Harvest bleak for maple producers

BY SUSAN KIM | Salisbary, PA | September 2, 1998

Unlike most

other farmers, they're not harvesting they're purchasing, installing or repairing complex tubing systems that must be in

place by January, when maple trees are tapped for sap that will be harvested in early spring.

But tapping prospects look bleak for many maple producers whose groves were devastated by summer tornadoes or

winter ice storms. Bill Mast, who lives in Salisbury, PA, lost 140 acres -- some 3,200 maple trees, or 65 percent of his

crop -- when two tornadoes ripped across his farm in early June.

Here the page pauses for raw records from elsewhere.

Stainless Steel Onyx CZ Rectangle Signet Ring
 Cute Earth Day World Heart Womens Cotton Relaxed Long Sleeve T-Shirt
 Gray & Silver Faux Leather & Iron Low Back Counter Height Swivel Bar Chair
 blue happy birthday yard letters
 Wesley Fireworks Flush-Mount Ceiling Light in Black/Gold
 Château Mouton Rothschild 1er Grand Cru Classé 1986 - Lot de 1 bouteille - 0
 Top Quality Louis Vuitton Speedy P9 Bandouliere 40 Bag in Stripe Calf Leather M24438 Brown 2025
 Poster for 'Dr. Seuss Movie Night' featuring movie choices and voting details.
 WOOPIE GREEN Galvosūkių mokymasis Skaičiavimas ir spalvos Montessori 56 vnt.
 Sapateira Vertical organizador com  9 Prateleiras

"I'm also a dairy farmer and, until now, maple sugar production provided a supplemental income that helped me make

ends meet," said Bill. "Now it's going to be a long time before I'll recover."

He is planning to reseed, but a maple tree takes 40-50 years to mature enough to tap, he said. "Cornell University has

developed a hybrid maple that will mature within 20-25 years if your soil is well-fortified. I'm 41 now, so I won't get

much good out of that in my lifetime."

Bill has received assistance from the Wind of Hope, a local interfaith disaster response committee, Salvation Army, the

American Red Cross and 4-H. Youth volunteers helped him repair the farm's plastic tubing system, which had to be

completely removed, cut to new lengths, and reinstalled.

Dale Jeffrey, also a maple syrup producer in Salisbury, said that the community's damage was severe and concentrated on

a few farms, not widespread like the destruction wreaked by last winter’s ice storms in New England, where more than 80

percent of the maple harvest in some of New York's northern counties was destroyed. "In New England it was miles and

miles of destruction," said Dale. "Here, you can trace the isolated path. The farms that did get hit didn't have many

recoverable trees because there was nothing left," he said.

If a tree loses more than half of its top-most branches, or canopy, it usually dies. Sue Patneaude, executive director of the

Rural Community Action Ministry (RCAM) in Leeds, Maine, said sap from damaged trees pours to the ground. "That

spells disaster for the life of the tree, even though it doesn't die right away," she said. "The effects of the storm on that

industry and others will not be truly felt until next year and thereafter."

In New England, Sue said, many unmet needs in the wake of January's ice storms still feel urgent. Ice storms, caused

when record rains pummeled Maine, New Hampshire, Vermont and upstate New York, damaged some 18 million acres of

forest, including maple syrup production and dairy farms.

This summer, RCAM was still busy rebuilding homes for hundreds of people displaced by the storm. "It is common for

Mainers to be prepared for severe weather. We can remove snow and become mobile within hours of the worst

Nor'easter. We are seldom crippled by weather, and we are as self-sufficient and stubborn as they come. But this was an

experience beyond even our ability to cope," she said.

RCAM has been continuing its storm recovery in rural Maine without letup, and so has the Presbyterian Church,

anonymous donors, FEMA funds, Maine Storm Relief, Catholic Charities of Maine, and hundreds of volunteer work


New York also has a interfaith disaster recovery group that is providing lasting assistance, the Disaster Assessment and

Recovery Team, or DART.

DART President Clint McCoy said that New England farmers are still reeling under financial losses due to the January

ice storms. With special needs that are often not immediately noticeable, many farmers may not ask for assistance until

their situation is dire.

DART's goal is to step in with critical support. "For example," said Clint, "Many farmers burned out the power takeoff

units on their tractors by running generators off them during the storm to keep milking operations going. Then they still

needed to keep production going, so they purchased new tractors -- which cost about $7,000 each. Right now the bills are

coming due."

With federal and state aid packages currently pending, DART plans to help those who need an extra boost to get through

the winter. "Some families have had so little milk production that they’ve had no income. The cash flow catches up with

them. Now -- months after the disaster -- is when people start losing their utilities because they can't pay their bills, or

their homes are foreclosed."

DART also works with milk co-ops and cattle sellers, who are offering to sell cattle for 10 percent down, then deduct

installments over the year while the cow is in production. "Normally it costs a farmer about $1,400 to purchase a cow, but

now for that same amount, he can put 10 cows into production."

Volunteer Connie Seifert said that DART is truly a grassroots organization. "Somebody had a meeting and we just grew,"

she said. This summer DART coordinated fence repairs, tractor repairs, financial assistance, and home and barn

rebuilding. "Cow replacement is still a serious need," said Connie.

As DART helps farmers face the winter, Connie said, if disaster should strike again, the community will be more

prepared. "We're letting our structure stand for the future," she said.